At this time, I began to analyze my orientation again. During this period, I latched onto the idea of sexual fluidity. I loved that who you are attracted to can freely change. Sexuality is not on a black and white grid of gay or straight, but rather shift based on mood, status, attraction, or any one of the numerous facets of each individual’s personality. I love that I could be more attracted to women one moment and more attracted to men another. It was liberating. And it was finally a non-labeled sexual orientation I felt comfortable with.
I talked about this concept incessantly with all of my friends. I actively researched sexual fluidity. I watched films and documentaries about the subject. I wrote about it. I urged classes to discuss it. I brought up the idea on first dates and during initial meetings. In fact, just as all of my friends were getting sick of listening to me spew on about sexual fluidity, I met a guy who was interested in what I was saying, a guy who ended up being my next ( and latest and now ex) boyfriend.
Even though I was in a more traditional straight relationship, it did not discourage my sexually fluid nature.
After that traditional relationship ended, I once again began to analyze my sexual orientation. Most of my female friends tried to force me to identify as bisexual or as a lesbian. I refuted those titles. It was not how I viewed myself. If I did not view myself that way, I figured there was no purpose in adopting those labels. However, during this time (and still now) I wanted to explore my sexuality through those who were same-sexed.
Now I am in a happy place. I do not (usually) obsess about my sexual orientation. Not like I used to, anyways. I am pretty happy with my non-identification. I think that this makes many people feel very uncomfortable. We like schema and titles so we can easily sort through things.

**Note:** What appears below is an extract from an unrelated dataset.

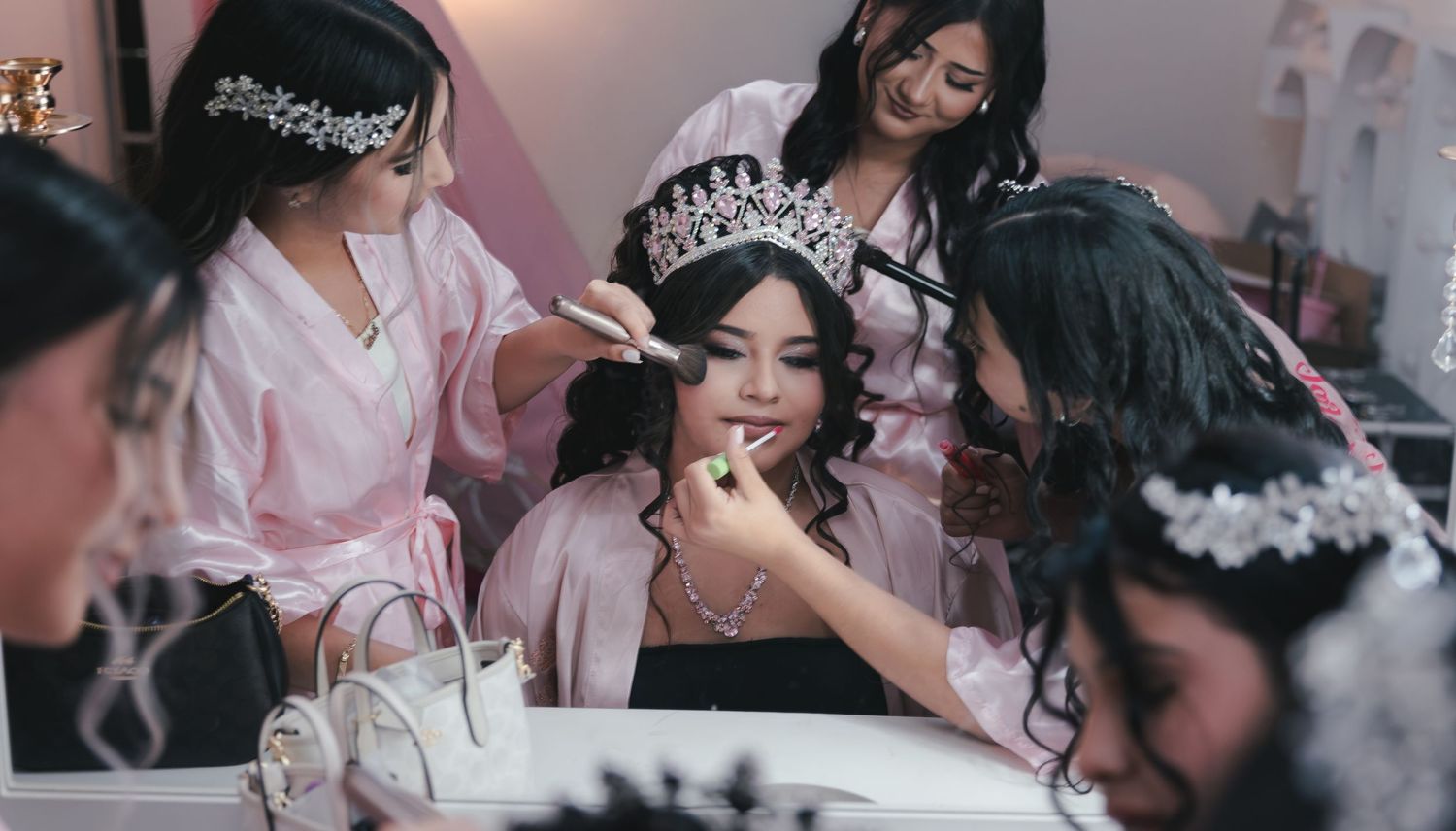 Bride in tiara getting makeup done by bridesmaids in pink robes during wedding preparation.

I just don’t like the limitations this places on me. Plus, I don’t feel like I can say with confidence that I am on either end of the spectrum, so I don’t need to bother. It has taken many people questioning my sexual orientation, myself included, in order to reach this point.
But my ultimate conclusion is that this was my own journey. And although I like discussing this process, truly it is no one’s business but my own. My identification is not interesting enough to require inquiry. Rather, it’s something that is a piece of myself that I do not actively think about. It’s like my right arm. I appreciate my arm, but I am not always thinking about my right arm, or analyze what it is doing. Rather, I let it do what I need it to do and I don’t really question it.
At this point, I am very happy with all of this and hopefully I can keep up with this healthy view of my label refusal.